Being begotten as a single act does NOT imply creation. You and I have been begotten through our parents, but they didn't create us. An artist creates a painting, but that painting differs essentially from the artist. You and I do not differ essentially from our parents. We are human as they are. The Son did not differ essentially from His Father. He is divine as His Father is.

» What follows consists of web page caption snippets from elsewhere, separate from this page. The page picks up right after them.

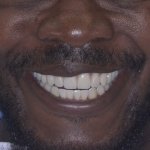 Man smiling after full mouth restoration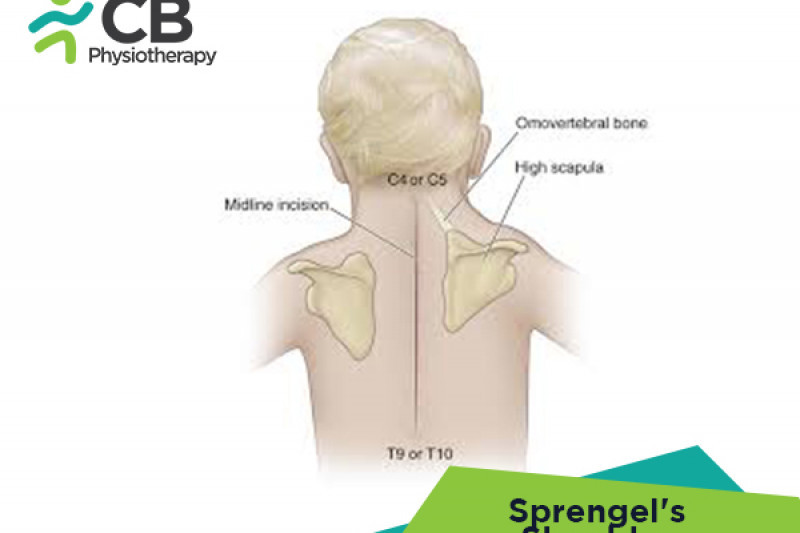 Top 5 Exercises For Sprengel's Shoulder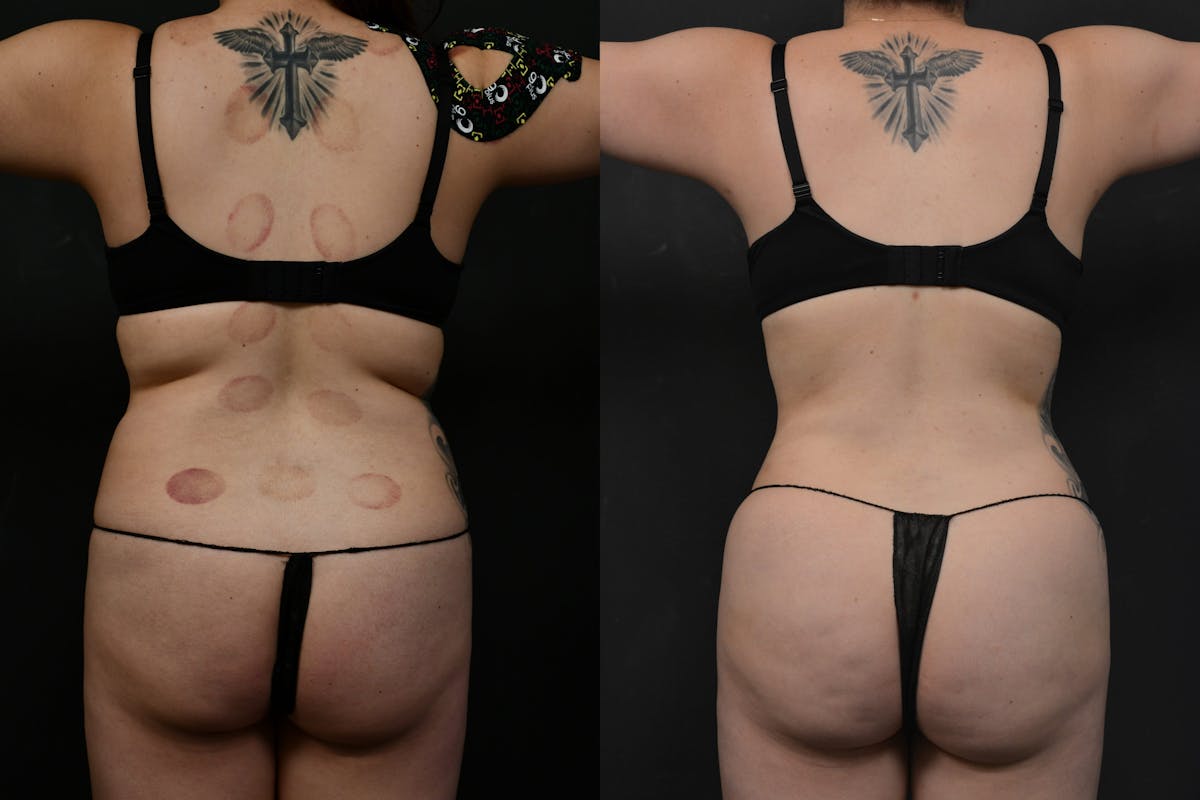 Butt Augmentation Before & After Gallery - Patient 290479 - Image 3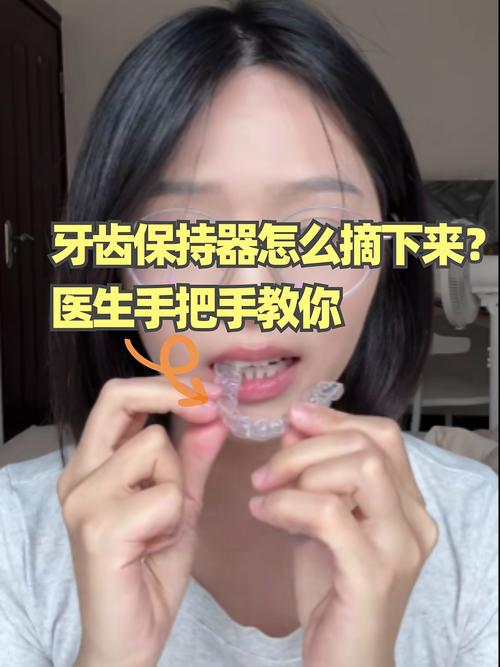 牙齿矫正器一般要戴多久？矫正时长受哪些因素影响？-图3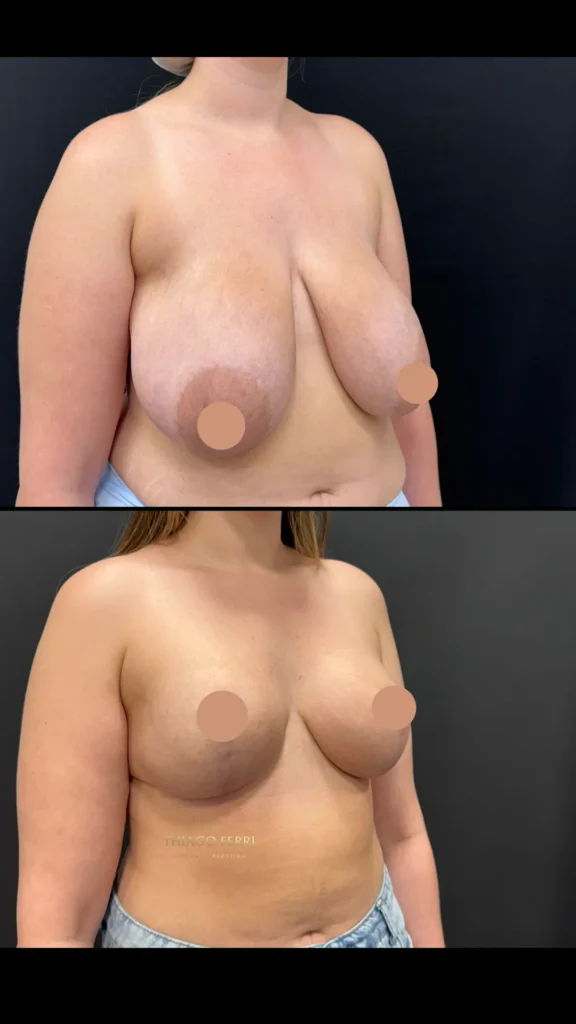 Antes e depois de cirurgia plástica em Chapecó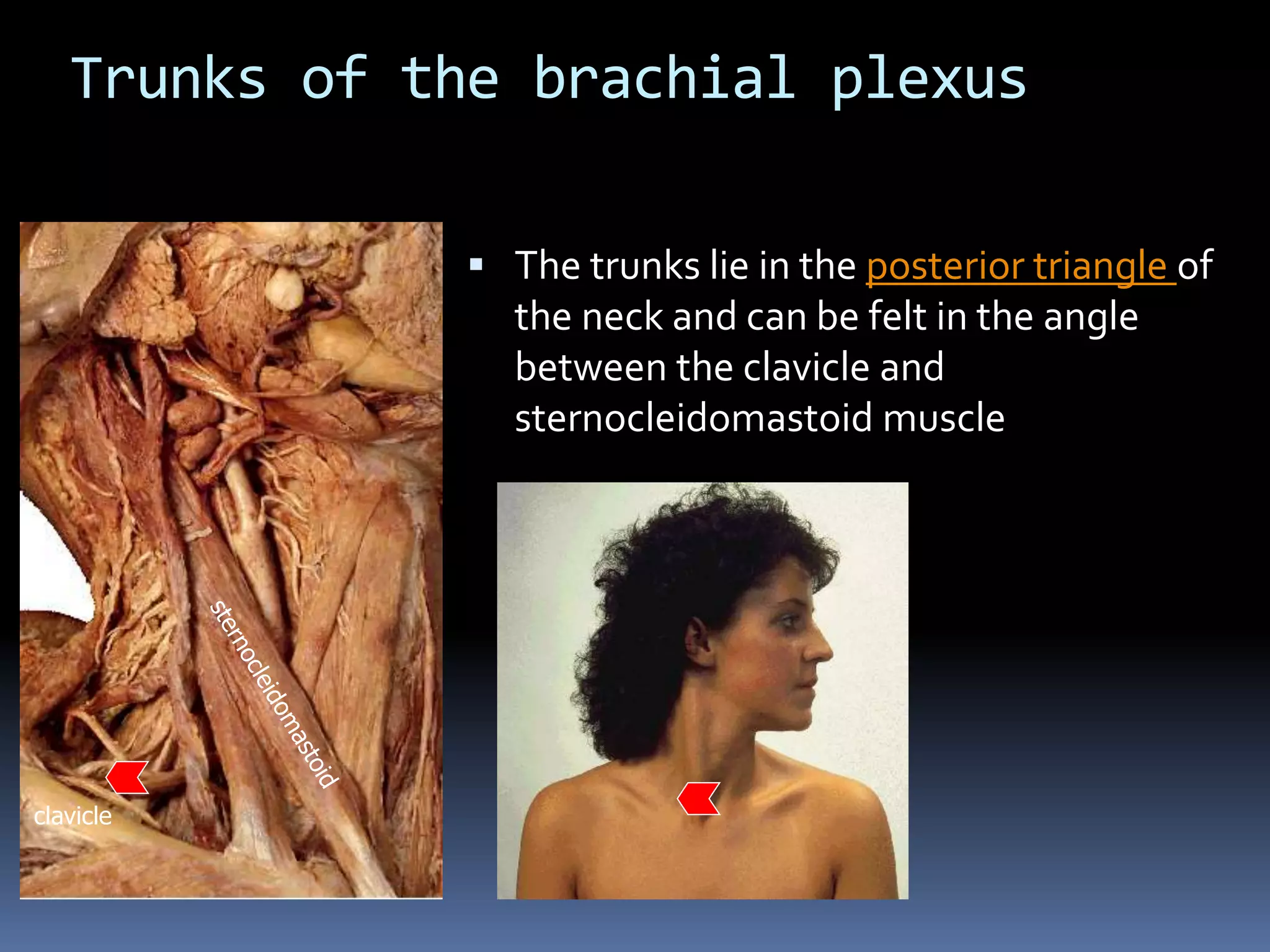Trunks of the brachial plexus
 The trunks lie in the posterior triangle of
the neck and can be felt in the angle
between the clavicle and
sternocleidomastoid muscle
clavicle
 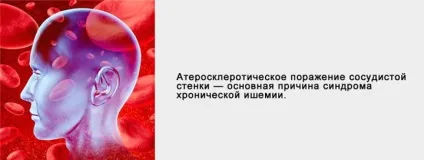 Хронічна ішемія головного мозку що це таке, симптоми і лікування (мозку) Хронічна ішемія головного мозку що це таке, симптоми і лікування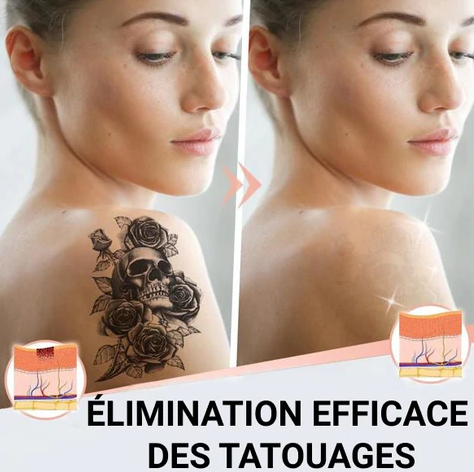 effet visible avant et après détatouage sur un bras
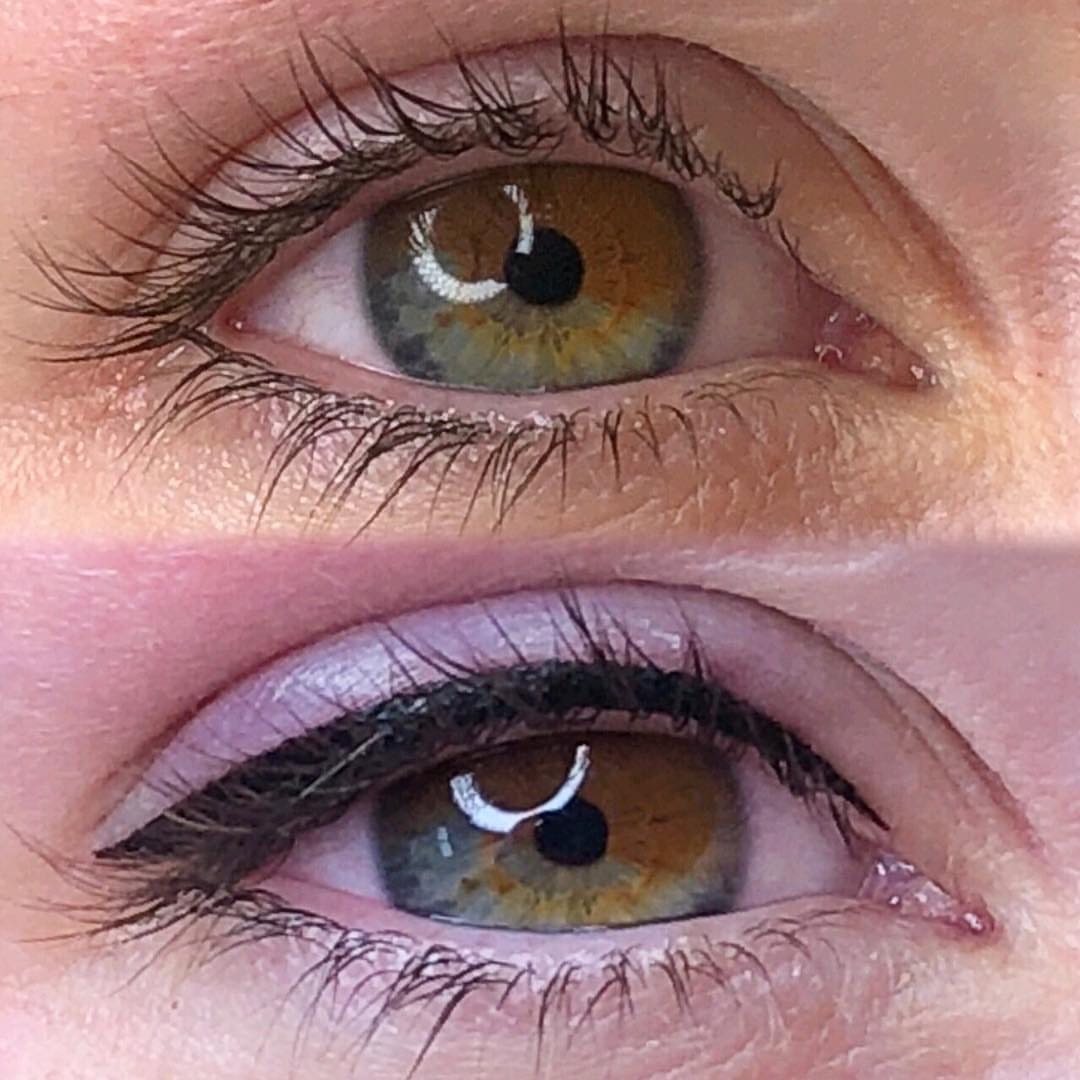 Permanent Eyes before and after image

Justin Martyr (110-165 A.D.) understood the begetting of the Son as a single act. In his dialogue with Trypho and his companions, Justin stated:
“I shall give you another testimony, my friends,” said I, “from the Scriptures, that God begat before all creatures a Beginning, a certain rational power from Himself, who is called by the Holy Spirit, now the Glory of the Lord, now the Son, again Wisdom, again an Angel, then God, and then Lord and Logos; and on another occasion He calls Himself Captain, when He appeared in human form to Joshua the son of Nave(Nun). For He can be called by all those names, since He ministers to the Father’s will, and since He was begotten of the Father by an act of will; ... just as we see also happening in the case of a fire, which is not lessened when it has kindled [another], but remains the same; and that which has been kindled by it likewise appears to exist by itself, not diminishing that from which it was kindled. The Word of Wisdom, who is Himself this God begotten of the Father of all things, and Word, and Wisdom, and Power, and the Glory of the Begetter, will bear evidence to me, when He speaks by Solomon the following: ‘If Ishall declare to you what happens daily, I shall call to mind events from everlasting, and review them. The Lord made me the beginning of His ways for His works. From of old, He established me in the beginning, before He had made the earth, and before He had made the deeps, before the springs of the waters had issued forth, before the mountains had been established. Before all the hills He begat me. God made the country, and the desert, and the highest inhabited places under the sky. When He made ready the heavens, I was along with Him, and when He set up His throne on the winds: when He made the high clouds strong, and the springs of the deep safe, when He made the foundations of the earth, I was with Him arranging..." (from Dialogue with Trypho, ch LXI)
So it seems clear that Justin regarded the begetting or generation of the Son as a single act, and not an ongoing process (which "eternal begetting" seems to suggest).
Oh, by the way, Brother Alan, are you a monk? I am not aware of Catholics calling any of their people "Brother so-and-so" except he be a monk, or "Sister so-and-so" except she be a nun.